Dr Edina Harbinja—supplementary written evidence (FEO0098)
House of Lords Communications and Digital Committee inquiry into Freedom of Expression Online
I am grateful for the invitation to give oral evidence at the Committee’s session on 19 January 2021. Following the session, I welcome the invitation to submit evidence to expand on certain questions in this important and timely inquiry. Therefore, my contribution will be limited to the questions the Committee has kindly asked I should specify further.
- Any thoughts you may have on the Digital Authority, outlined in Chapter 6 of the Committee’s report Regulating in a Digital World:
- First, I would like to note that I agree with the Committee’s conclusion in paragraph 232. of the Report: ‘However, inaction causes problems of its own. As we saw in chapter 4, competition law is slow and retroactive, and does not take account of noneconomic problems associated with digital dominance. Once the damage is done, it is often too late to remedy. Preventative action is needed.’

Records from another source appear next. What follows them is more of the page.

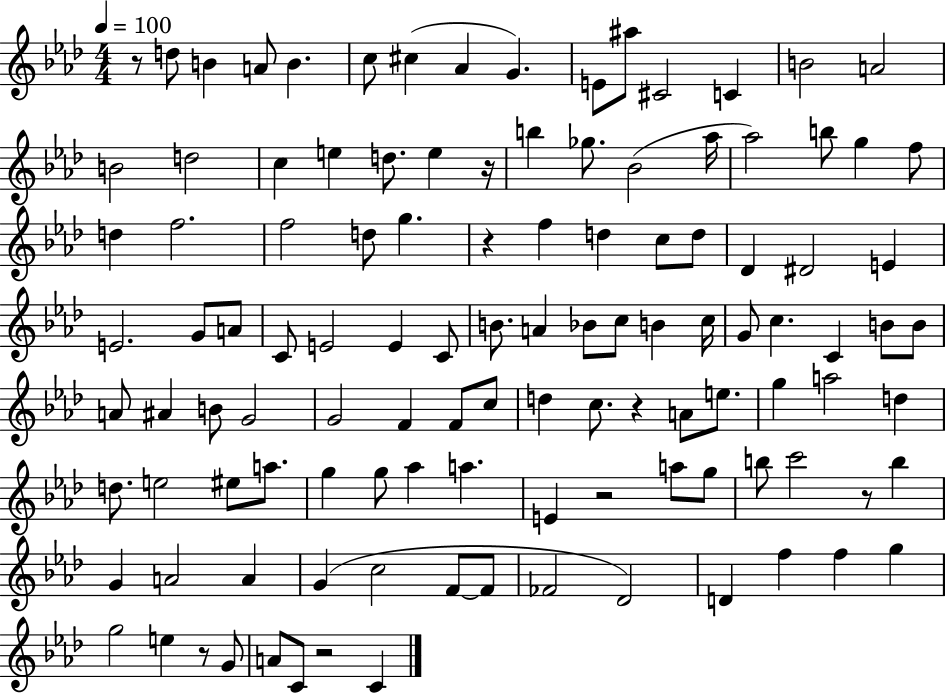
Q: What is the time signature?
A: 4/4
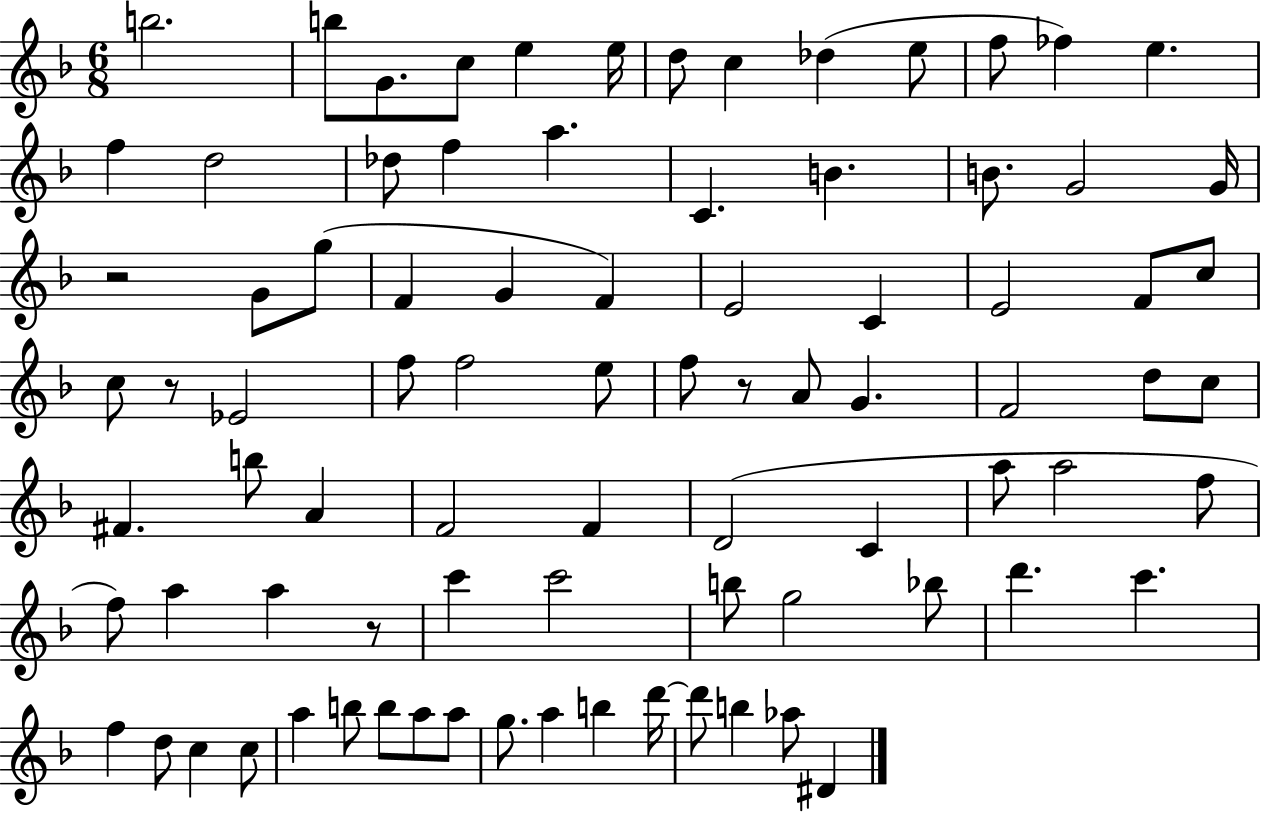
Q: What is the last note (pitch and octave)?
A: D#4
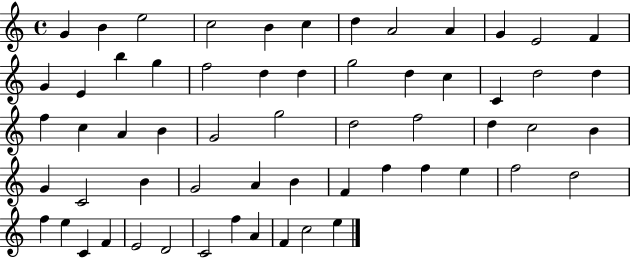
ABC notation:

X:1
T:Untitled
M:4/4
L:1/4
K:C
G B e2 c2 B c d A2 A G E2 F G E b g f2 d d g2 d c C d2 d f c A B G2 g2 d2 f2 d c2 B G C2 B G2 A B F f f e f2 d2 f e C F E2 D2 C2 f A F c2 e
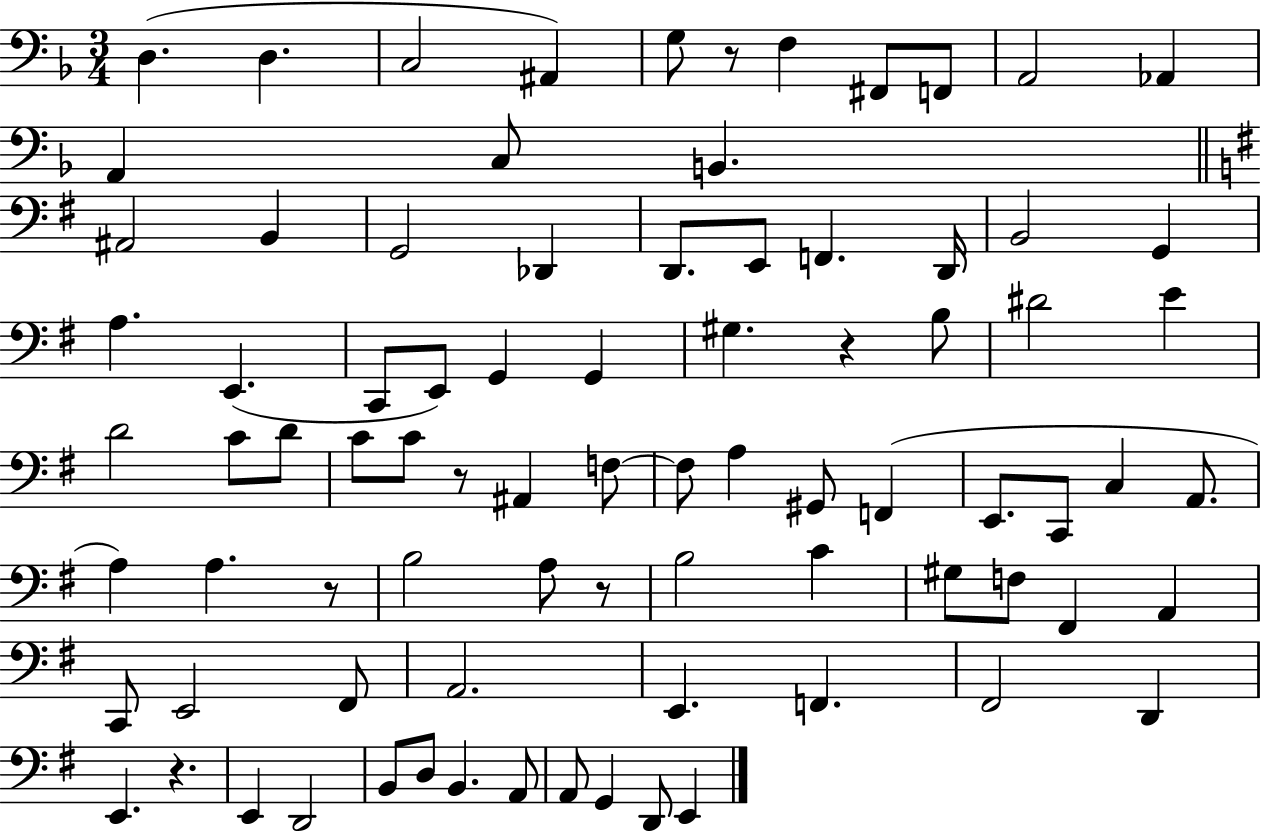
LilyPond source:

{
  \clef bass
  \numericTimeSignature
  \time 3/4
  \key f \major
  d4.( d4. | c2 ais,4) | g8 r8 f4 fis,8 f,8 | a,2 aes,4 | \break a,4 c8 b,4. | \bar "||" \break \key e \minor ais,2 b,4 | g,2 des,4 | d,8. e,8 f,4. d,16 | b,2 g,4 | \break a4. e,4.( | c,8 e,8) g,4 g,4 | gis4. r4 b8 | dis'2 e'4 | \break d'2 c'8 d'8 | c'8 c'8 r8 ais,4 f8~~ | f8 a4 gis,8 f,4( | e,8. c,8 c4 a,8. | \break a4) a4. r8 | b2 a8 r8 | b2 c'4 | gis8 f8 fis,4 a,4 | \break c,8 e,2 fis,8 | a,2. | e,4. f,4. | fis,2 d,4 | \break e,4. r4. | e,4 d,2 | b,8 d8 b,4. a,8 | a,8 g,4 d,8 e,4 | \break \bar "|."
}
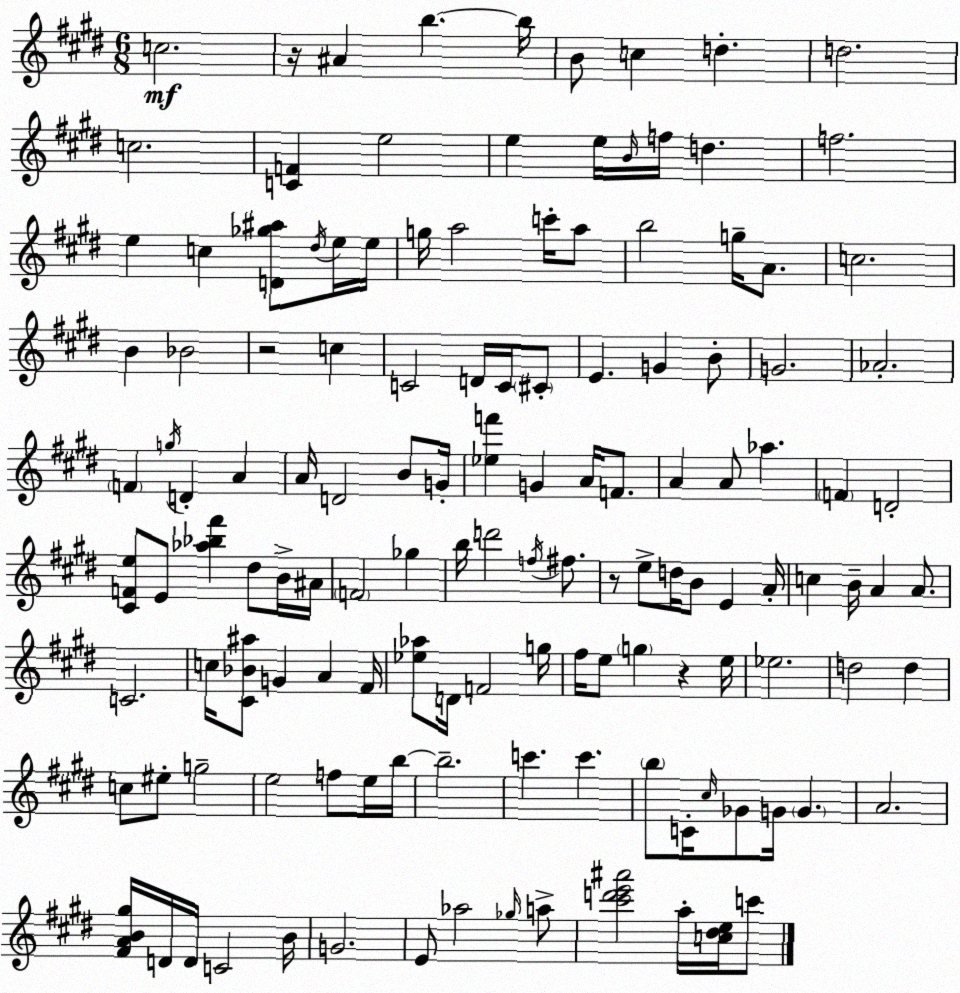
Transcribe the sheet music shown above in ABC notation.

X:1
T:Untitled
M:6/8
L:1/4
K:E
c2 z/4 ^A b b/4 B/2 c d d2 c2 [CF] e2 e e/4 B/4 f/4 d f2 e c [D_g^a]/2 ^d/4 e/4 e/4 g/4 a2 c'/4 a/2 b2 g/4 A/2 c2 B _B2 z2 c C2 D/4 C/4 ^C/2 E G B/2 G2 _A2 F g/4 D A A/4 D2 B/2 G/4 [_ef'] G A/4 F/2 A A/2 _a F D2 [^CFe]/2 E/2 [_a_b^f'] ^d/2 B/4 ^A/4 F2 _g b/4 d'2 f/4 ^f/2 z/2 e/2 d/4 B/2 E A/4 c B/4 A A/2 C2 c/4 [^C_B^a]/2 G A ^F/4 [_e_a]/2 D/4 F2 g/4 ^f/4 e/2 g z e/4 _e2 d2 d c/2 ^e/2 g2 e2 f/2 e/4 b/4 b2 c' c' b/2 C/4 ^c/4 _G/2 G/4 G A2 [^FAB^g]/4 D/4 D/4 C2 B/4 G2 E/2 _a2 _g/4 a/2 [^c'd'e'^a']2 a/4 [c^de]/4 c'/2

- I also believe that greater cooperation and regulatory coherence is required, as noted in the Report and also reinforced in my oral evidence. In addition to extending the power of the ICO, the CMA and Ofcom in various areas where there is a pressing need for regulation, there needs to be a clear cooperation mechanism that will aim to establish and maintain effective and coherent regulatory framework, something that has been absent in the current, rather patchy and piecemeal approach. This new, a more coherent framework, would include implications of AI, in addition to platform regulation of content and harms. This need for regulatory coherence has been highlighted in the recent AI Council’s AI Roadmap as well.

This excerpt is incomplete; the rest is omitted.